CMLC president and CEO Michael Brown said it’s taken a year to get to the point of signing a memorandum of understanding (MOU), after realizing they have a ‘common vision’ for the east side of downtown.
“The Stampede runs a great park, great activities. What CMLC is really good at is the development side,” Brown said.
“So we’re going to work with the Stampede and some of their partners, saying, ‘how can we actually help them more quickly realize their master plan?’ Things like Stampede Trail, (along the Park’s north entrance) are there things we can do to move that along a little faster?
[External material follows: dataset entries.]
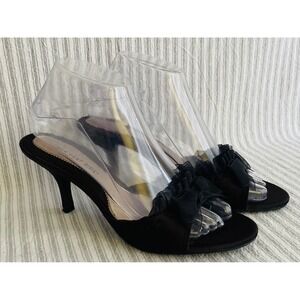 Lower East Side Black Satin Mule Heels Ruffle Bow Open Toe Dress Sandals 8 Party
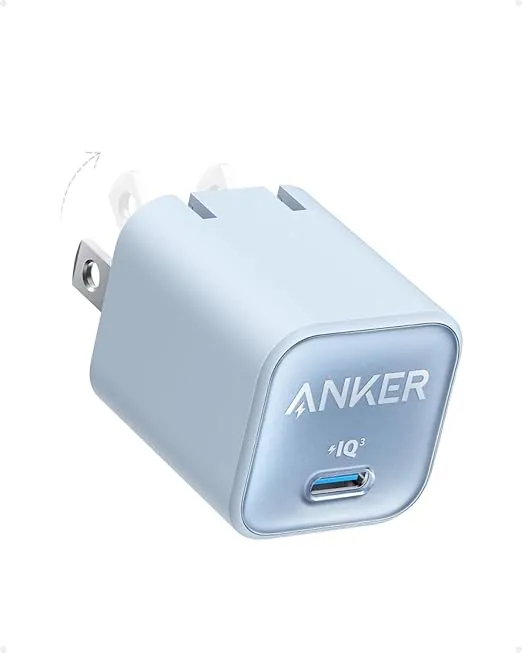 Anker Nano Charger, USB C GaN Charger 30W, PIQ 3.0 Foldable PPS Fast Charger for iPhone 16 / 15 and more series, Galaxy, iPad, Compatible with MagSafe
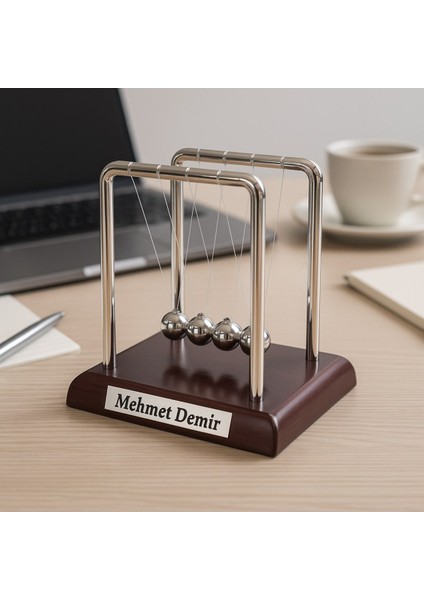 Isim Yazılı Kişiye Özel Newton Sarkaçı Metal Denge Topu Masaüstü Ofis Şık Dekoratif Hediye Küçük Boy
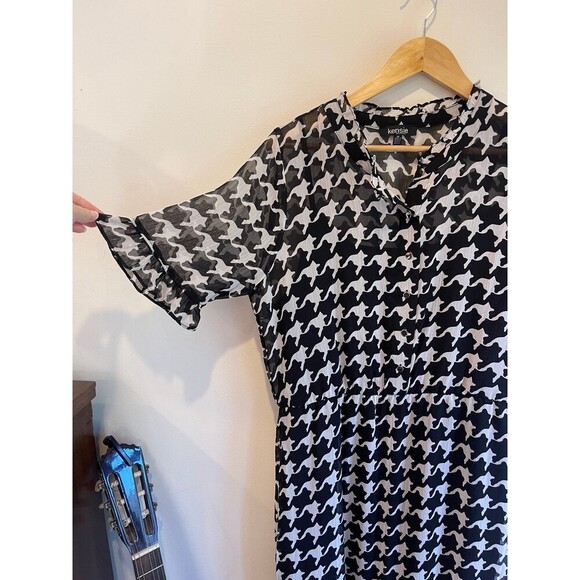Kenzie Houndstooth Chiffon Lightweight Dress Size 14 - Picture 7 of 9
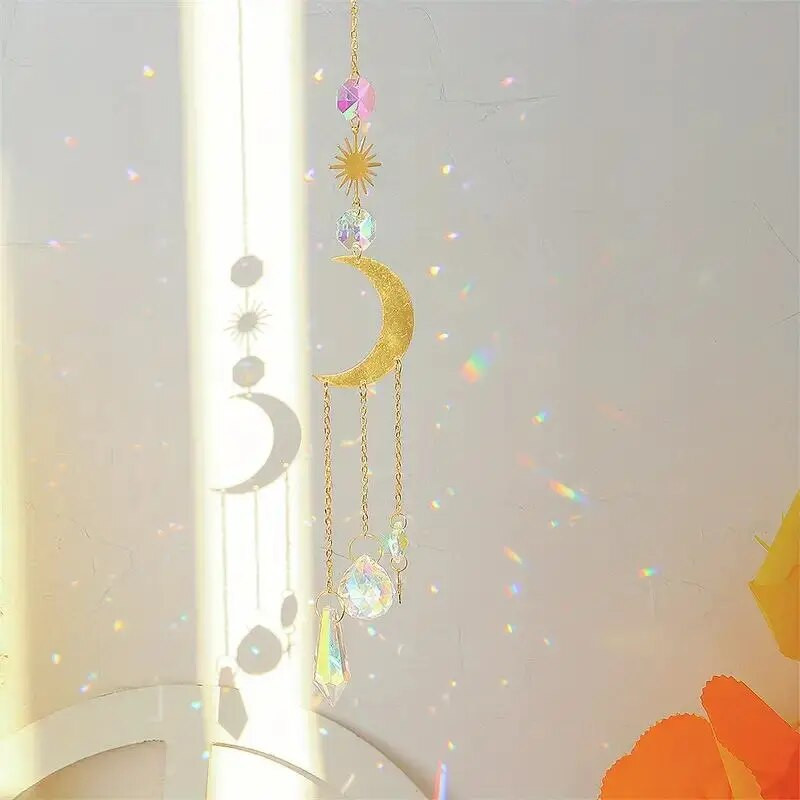 1 tk Metal Star Moon Ehted AksessuaaridJa Kunstkristallripats Kodu Tuulekella kaunistamiseks Välisaia Rippesemed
The Ramsay Exchange, Erlton station, there’s all these opportunities within the east side of downtown that we’re going to be working with the Stampede on,” he added.
Brown said part of the master plan for Stampede is also an expansion of the BMO Centre—which he hopes would attract investment.
“Once we can confirm in terms of where that organization is going, in terms of the BMO Centre, I’m going to quickly start talking to hoteliers and talking to other developers, and say, ‘look at the investment the city is making into this property –this is a great opportunity for you.’ I think that’s the kind of thinking by us working together that we can get to.”
Brown said CMLC’s job is to look at the dollars and cents, schedules, and how to build a plan.
“Then we’ll present it to them and they’ll say, ‘this makes sense or it doesn’t make sense,’” he said. “At the end of the day, it is their land, it’s their community. But we think we can be a huge agent for change within that area.”